# Required work:
Go to the line in the entries below that holds "Zdjęcie satelitarne Słowackiego Juliusza ul." and repeat exactly from there through the line that holds "ADA Sweatpants - Light", inclusive.

━━━━━━━━━━━━━━━━

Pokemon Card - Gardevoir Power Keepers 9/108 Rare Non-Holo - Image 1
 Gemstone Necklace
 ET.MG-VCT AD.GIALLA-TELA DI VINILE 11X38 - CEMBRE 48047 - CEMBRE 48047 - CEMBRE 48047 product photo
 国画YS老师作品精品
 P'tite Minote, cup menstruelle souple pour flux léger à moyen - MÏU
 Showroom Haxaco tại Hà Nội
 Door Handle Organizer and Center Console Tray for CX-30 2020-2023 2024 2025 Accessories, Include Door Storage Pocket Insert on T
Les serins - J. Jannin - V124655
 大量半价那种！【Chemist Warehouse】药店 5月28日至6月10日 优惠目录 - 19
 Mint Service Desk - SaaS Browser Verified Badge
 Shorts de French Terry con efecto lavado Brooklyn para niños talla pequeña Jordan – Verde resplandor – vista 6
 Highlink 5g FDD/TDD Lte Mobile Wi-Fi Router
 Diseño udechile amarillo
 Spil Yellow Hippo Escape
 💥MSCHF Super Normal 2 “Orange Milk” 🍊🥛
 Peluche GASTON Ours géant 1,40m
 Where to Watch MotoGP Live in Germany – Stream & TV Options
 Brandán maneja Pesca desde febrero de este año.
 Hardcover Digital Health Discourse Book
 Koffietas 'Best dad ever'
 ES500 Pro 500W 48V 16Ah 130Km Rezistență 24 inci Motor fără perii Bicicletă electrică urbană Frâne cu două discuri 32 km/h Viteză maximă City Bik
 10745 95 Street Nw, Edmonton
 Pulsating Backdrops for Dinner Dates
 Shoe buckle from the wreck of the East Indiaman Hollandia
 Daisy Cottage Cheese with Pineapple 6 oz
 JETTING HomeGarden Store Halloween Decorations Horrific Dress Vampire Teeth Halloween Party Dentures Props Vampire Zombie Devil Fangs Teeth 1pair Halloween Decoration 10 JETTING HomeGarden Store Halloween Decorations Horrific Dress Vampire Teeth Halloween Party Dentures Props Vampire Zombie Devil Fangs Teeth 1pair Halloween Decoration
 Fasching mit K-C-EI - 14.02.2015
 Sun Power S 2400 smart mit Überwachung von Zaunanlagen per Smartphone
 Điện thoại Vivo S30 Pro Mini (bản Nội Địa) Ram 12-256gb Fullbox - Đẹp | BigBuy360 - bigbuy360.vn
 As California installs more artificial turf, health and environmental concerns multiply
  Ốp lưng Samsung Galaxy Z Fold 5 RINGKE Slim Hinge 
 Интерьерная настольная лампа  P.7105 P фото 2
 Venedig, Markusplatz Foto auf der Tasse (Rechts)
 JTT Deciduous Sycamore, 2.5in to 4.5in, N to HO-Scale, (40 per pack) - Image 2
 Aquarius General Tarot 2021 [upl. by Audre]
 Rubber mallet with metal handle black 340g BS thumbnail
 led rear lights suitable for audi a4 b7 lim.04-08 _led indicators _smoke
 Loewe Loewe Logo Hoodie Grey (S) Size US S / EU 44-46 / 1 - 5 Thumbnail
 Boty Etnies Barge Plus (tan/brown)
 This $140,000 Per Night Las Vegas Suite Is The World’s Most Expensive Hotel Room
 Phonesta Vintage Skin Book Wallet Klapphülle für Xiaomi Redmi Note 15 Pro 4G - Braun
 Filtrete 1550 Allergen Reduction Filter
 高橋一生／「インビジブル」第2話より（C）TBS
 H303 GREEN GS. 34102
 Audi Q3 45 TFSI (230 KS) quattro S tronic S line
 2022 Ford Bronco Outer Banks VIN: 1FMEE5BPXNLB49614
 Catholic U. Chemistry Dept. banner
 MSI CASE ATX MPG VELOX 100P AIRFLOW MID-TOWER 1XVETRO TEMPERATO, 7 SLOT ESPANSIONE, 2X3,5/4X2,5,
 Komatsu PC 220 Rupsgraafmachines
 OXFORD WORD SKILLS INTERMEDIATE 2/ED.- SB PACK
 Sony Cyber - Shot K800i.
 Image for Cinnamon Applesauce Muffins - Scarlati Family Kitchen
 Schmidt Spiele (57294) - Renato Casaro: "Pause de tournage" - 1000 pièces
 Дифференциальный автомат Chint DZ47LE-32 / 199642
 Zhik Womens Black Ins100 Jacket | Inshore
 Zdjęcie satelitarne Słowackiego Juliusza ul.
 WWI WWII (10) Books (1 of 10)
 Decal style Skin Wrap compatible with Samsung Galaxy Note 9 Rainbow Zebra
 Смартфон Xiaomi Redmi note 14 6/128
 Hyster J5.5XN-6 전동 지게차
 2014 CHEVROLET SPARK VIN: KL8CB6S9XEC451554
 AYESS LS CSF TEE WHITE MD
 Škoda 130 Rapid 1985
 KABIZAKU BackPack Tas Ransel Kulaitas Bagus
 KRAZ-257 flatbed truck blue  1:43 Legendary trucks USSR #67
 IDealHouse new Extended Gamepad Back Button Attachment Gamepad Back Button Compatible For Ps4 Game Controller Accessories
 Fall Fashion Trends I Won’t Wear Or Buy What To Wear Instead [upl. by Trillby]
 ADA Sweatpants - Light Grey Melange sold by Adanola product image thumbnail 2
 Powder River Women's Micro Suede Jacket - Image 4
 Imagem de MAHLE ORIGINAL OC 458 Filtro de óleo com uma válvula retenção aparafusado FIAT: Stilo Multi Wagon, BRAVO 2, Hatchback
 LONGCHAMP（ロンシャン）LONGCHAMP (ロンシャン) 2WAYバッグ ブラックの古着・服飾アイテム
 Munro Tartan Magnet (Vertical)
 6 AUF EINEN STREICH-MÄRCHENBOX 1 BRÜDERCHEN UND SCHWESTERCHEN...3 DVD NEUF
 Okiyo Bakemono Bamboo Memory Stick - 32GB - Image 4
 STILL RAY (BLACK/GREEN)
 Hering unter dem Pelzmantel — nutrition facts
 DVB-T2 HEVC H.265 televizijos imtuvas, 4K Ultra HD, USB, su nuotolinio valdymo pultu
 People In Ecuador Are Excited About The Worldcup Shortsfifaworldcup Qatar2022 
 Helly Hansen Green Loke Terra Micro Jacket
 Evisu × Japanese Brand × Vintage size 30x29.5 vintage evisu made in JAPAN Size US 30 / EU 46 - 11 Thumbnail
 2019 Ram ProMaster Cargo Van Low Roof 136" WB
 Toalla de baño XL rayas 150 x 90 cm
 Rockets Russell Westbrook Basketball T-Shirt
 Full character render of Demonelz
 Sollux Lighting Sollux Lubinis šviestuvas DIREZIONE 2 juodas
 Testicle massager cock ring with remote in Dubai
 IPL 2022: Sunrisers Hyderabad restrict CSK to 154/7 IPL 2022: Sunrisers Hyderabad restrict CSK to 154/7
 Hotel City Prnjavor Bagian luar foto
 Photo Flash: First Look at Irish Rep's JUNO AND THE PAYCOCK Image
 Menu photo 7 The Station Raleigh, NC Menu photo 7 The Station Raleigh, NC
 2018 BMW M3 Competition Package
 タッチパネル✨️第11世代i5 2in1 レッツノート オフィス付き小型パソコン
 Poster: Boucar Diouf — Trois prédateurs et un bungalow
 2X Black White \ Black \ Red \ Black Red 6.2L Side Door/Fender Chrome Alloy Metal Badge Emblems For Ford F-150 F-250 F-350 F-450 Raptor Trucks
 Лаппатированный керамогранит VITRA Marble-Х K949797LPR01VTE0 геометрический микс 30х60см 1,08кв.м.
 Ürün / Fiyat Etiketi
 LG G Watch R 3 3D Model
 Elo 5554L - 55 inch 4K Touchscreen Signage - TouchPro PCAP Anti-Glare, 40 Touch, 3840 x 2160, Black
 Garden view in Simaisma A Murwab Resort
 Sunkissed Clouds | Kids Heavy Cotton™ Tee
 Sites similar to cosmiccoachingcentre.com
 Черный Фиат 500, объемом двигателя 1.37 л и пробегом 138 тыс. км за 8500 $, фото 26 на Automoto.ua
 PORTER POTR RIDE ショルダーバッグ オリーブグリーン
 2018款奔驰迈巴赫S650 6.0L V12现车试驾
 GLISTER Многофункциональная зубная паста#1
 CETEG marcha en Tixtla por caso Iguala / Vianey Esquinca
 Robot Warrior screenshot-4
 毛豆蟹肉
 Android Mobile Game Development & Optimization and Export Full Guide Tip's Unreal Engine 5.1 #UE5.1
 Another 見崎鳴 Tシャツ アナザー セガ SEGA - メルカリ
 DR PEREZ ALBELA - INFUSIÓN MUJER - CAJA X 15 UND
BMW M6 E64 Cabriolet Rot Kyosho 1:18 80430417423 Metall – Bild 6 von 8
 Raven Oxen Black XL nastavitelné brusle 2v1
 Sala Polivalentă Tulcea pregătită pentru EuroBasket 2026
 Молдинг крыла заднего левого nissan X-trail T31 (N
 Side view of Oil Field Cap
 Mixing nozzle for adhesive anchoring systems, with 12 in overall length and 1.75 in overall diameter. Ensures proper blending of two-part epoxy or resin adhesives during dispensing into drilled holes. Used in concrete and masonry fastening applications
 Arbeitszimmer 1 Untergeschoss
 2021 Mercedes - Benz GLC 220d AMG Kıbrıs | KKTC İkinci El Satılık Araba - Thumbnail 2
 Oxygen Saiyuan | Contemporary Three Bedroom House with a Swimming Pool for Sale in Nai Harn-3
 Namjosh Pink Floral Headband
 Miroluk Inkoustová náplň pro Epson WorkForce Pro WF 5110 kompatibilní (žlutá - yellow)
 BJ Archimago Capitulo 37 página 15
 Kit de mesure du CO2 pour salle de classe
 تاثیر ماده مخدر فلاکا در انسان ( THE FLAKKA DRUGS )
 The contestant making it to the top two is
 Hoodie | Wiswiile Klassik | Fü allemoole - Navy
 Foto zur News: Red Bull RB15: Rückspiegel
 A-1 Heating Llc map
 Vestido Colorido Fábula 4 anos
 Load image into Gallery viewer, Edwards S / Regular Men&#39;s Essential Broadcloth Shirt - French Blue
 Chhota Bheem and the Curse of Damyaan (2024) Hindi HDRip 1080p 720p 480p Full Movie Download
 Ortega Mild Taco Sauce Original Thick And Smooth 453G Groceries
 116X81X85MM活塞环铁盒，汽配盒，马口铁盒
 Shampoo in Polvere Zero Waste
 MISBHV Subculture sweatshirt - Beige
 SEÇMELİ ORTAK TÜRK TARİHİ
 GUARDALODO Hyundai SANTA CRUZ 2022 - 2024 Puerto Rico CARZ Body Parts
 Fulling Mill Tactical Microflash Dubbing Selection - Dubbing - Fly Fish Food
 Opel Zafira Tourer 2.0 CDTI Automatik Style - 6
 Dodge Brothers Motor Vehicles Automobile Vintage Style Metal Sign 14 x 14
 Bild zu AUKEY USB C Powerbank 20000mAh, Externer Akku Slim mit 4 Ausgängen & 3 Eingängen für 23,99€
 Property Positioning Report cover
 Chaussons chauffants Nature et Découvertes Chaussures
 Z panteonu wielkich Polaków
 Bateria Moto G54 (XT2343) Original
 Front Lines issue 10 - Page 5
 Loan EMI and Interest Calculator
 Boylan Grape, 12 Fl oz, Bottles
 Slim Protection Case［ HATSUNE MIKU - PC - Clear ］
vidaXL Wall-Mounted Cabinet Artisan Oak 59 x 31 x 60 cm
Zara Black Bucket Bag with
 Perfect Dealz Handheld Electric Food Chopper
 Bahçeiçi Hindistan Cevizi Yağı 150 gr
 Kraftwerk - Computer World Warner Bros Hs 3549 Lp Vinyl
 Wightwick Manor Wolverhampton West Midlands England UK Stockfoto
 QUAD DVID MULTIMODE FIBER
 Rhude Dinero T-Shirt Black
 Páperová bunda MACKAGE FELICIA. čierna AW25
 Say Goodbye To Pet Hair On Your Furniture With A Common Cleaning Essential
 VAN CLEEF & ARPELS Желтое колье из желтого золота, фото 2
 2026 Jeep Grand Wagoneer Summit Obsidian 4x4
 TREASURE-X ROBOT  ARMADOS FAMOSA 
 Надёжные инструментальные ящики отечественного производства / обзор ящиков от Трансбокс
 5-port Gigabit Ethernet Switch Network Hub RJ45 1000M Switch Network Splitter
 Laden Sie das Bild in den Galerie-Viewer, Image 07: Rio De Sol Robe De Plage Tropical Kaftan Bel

━━━━━━━━━━━━━━━━

# Response area:
 Zdjęcie satelitarne Słowackiego Juliusza ul.
 WWI WWII (10) Books (1 of 10)
 Decal style Skin Wrap compatible with Samsung Galaxy Note 9 Rainbow Zebra
 Смартфон Xiaomi Redmi note 14 6/128
 Hyster J5.5XN-6 전동 지게차
 2014 CHEVROLET SPARK VIN: KL8CB6S9XEC451554
 AYESS LS CSF TEE WHITE MD
 Škoda 130 Rapid 1985
 KABIZAKU BackPack Tas Ransel Kulaitas Bagus
 KRAZ-257 flatbed truck blue  1:43 Legendary trucks USSR #67
 IDealHouse new Extended Gamepad Back Button Attachment Gamepad Back Button Compatible For Ps4 Game Controller Accessories
 Fall Fashion Trends I Won’t Wear Or Buy What To Wear Instead [upl. by Trillby]
 ADA Sweatpants - Light Grey Melange sold by Adanola product image thumbnail 2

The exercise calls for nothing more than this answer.